Dabei ist es nicht das erste Mal, dass westlich-links-woke Aktivisten mit einer Mischung aus hyper-moralischem Sendungsbewusstsein und politischer Ahnungslosigkeit aufmarschieren. Doch dieses Mal ist es besonders brisant. Ägypten, ohnehin von innerer Instabilität bedroht und eingebunden in eine heikle geopolitische Lage, warnt zu Recht: Derartige Aktionen gefährden die nationale Sicherheit. Und auch Israel, dessen Soldaten auf der anderen Seite des Grenzübergangs agieren, erkennt in solchem Mummenschanz eine gezielte Provokation.
Was sich hier Bahn bricht, ist nicht etwa Solidarität, sondern ein neuer Tiefpunkt des politischen Infantilismus. Die Demonstranten inszenieren sich als heldenhafte Freiheitskämpfer, „queer for Palestine“, „gay for Gaza“, doch sie begreifen offenbar nicht, dass sie für ein Gebiet demonstrieren, in dem ihr eigenes Leben, würden sie dort in ähnlicher Verkleidung auftreten, akut bedroht wäre. Wer glaubt, dass ein LGBT-Aktivist in Gaza Applaus erhält, dem ist nicht mehr zu helfen.
Es ist der Zynismus der postmodernen Linken, im Westen genießen sie die volle Bandbreite von Meinungs-, Sexual- und Reisefreiheit, nutzen sie aber dazu, um genau jene Systeme zu unterstützen, die diese Freiheiten brutal unterdrücken. Diese Form der politischen Schizophrenie hat nichts mit Menschenrechten zu tun, sondern ist Ausdruck einer tief verwurzelten Verachtung für die eigene Kultur und ein Ausdruck moralischer Verwahrlosung.
Hinzu kommt, dass wer Ägypten oder Israel vorschreiben will, wie sie ihre Grenzen zu kontrollieren haben, nichts anderes als eine Form modernen Kolonialismus betreibt. Die „Global March to Gaza“-Teilnehmer, viele davon mit europäischen Pässen und westlichem Geld ausgestattet, glauben offenbar, sie hätten ein moralisches Recht, Gesetze souveräner Staaten zu ignorieren. Wer sich so verhält, tritt wie ein neokolonialer Missionar auf, nur mit anderem ideologischen Vorzeichen.
Auffällig ist auch, dass der Terror der Hamas, die gezielte Ermordung israelischer Zivilisten, die monatelange Geiselnahme Unschuldiger, dass all das im hoch-moralischen Weltbild dieser Aktivisten nicht existiert.

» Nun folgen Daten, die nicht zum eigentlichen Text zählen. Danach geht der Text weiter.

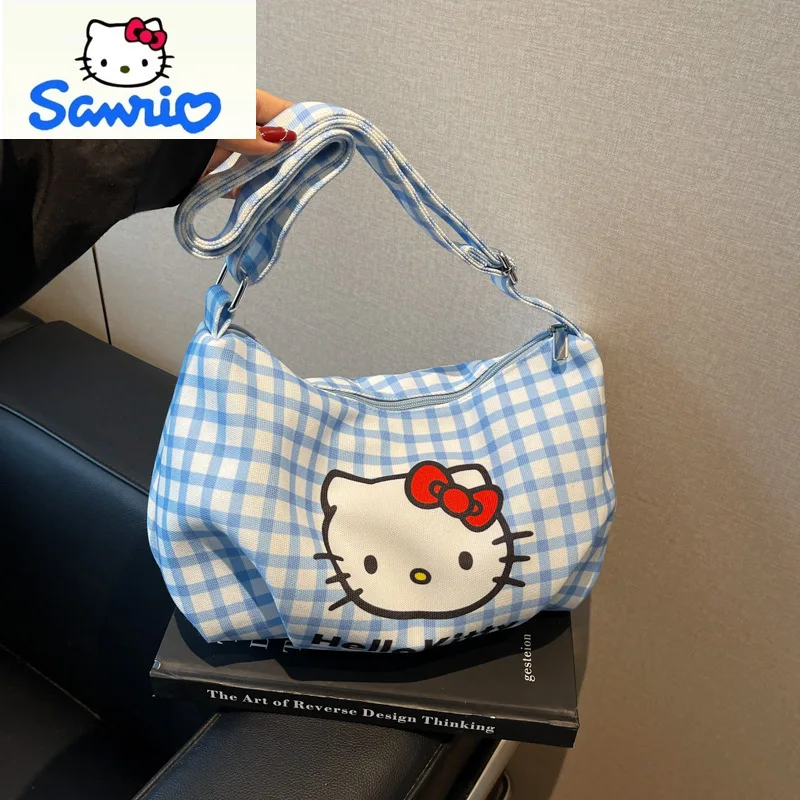 Sanrio Large Capacity Fresh Checkered Cartoon Hello Kitty Crossbody Bag for Women's Casual Versatile Handheld Travel Bag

Ihre selektive Empörung spricht Bände. Die Unterdrückung von Frauen, Homosexuellen und Andersdenkenden in Gaza? Kein Thema. Die Verwendung humanitärer Hilfe durch die Hamas für militärische Zwecke? Kein Problem. Die systematische Indoktrinierung von Kindern mit Judenhass? Wird geflissentlich übersehen. Diese selektive Blindheit ist keine politische Haltung, sie ist eine Farce.
Dass Ägypten bei all dem auf Einhaltung von Verfahren und Genehmigungen besteht, ist nicht nur verständlich, sondern notwendig. Kein Staat der Welt, noch nicht einmal Deutschland, würde das Agieren ausländischer „Aktivisten“ in politisch sensiblen Regionen zulassen. Dass viele dieser Aktivisten bei der Einreise gestoppt oder festgenommen wurden, ist daher nicht Ausdruck von Unterdrückung, sondern Ausübung staatlicher Verantwortung.
Tief blicken lässt, dass westliche Diplomaten sich nun „besorgt“ zeigen, dass ihren Staatsbürgern die Einreise verwehrt wurde. Man ist offenbar bereit, solange es den eigenen moralisch aufgeladenen Erzählungen dient, das Völkerrecht und die Souveränität befreundeter Staaten zu missachten.
Was sich in Ägypten abspielt, ist ein Spiegelbild des moralischen Verfalls westlicher Politik. Eine Jugend, die ihre eigene Kultur verachtet, sucht Erlösung im Nahen Osten. Schade, dass auch hier, wie bei vielen anderen Wahnvorstellungen, die Realität nicht mitspielt. Recht und Gesetz können nicht einer moralisch aufgeladenen Minderheit geopfert werden.